### Task to carry out
From the records below, transcribe exactly the lines that begin at the line with "14k Rose Gold" and end at the line with "00382-46525985-blond boy with", both included.

Scraped caption text data:
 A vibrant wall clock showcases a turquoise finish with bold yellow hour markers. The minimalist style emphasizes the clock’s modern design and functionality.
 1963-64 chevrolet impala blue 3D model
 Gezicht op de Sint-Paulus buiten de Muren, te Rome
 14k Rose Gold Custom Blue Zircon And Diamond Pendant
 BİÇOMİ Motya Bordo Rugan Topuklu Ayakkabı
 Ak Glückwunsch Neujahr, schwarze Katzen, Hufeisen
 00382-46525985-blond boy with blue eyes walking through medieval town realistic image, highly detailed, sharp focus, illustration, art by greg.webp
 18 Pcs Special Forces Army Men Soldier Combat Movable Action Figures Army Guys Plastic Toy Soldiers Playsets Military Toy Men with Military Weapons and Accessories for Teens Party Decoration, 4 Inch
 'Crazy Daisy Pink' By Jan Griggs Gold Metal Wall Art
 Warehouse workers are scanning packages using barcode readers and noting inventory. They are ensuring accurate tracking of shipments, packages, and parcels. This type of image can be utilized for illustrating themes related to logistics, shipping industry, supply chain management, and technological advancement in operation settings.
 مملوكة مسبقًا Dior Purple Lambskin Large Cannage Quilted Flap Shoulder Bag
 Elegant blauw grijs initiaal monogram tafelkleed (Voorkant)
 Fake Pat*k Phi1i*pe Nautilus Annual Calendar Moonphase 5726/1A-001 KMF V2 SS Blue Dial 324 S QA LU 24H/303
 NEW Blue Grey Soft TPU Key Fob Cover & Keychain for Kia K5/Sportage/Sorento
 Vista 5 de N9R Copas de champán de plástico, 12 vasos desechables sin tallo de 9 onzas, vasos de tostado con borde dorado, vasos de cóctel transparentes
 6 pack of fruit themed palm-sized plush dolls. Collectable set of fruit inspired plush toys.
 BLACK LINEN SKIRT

### Task result
 14k Rose Gold Custom Blue Zircon And Diamond Pendant
 BİÇOMİ Motya Bordo Rugan Topuklu Ayakkabı
 Ak Glückwunsch Neujahr, schwarze Katzen, Hufeisen
 00382-46525985-blond boy with blue eyes walking through medieval town realistic image, highly detailed, sharp focus, illustration, art by greg.webp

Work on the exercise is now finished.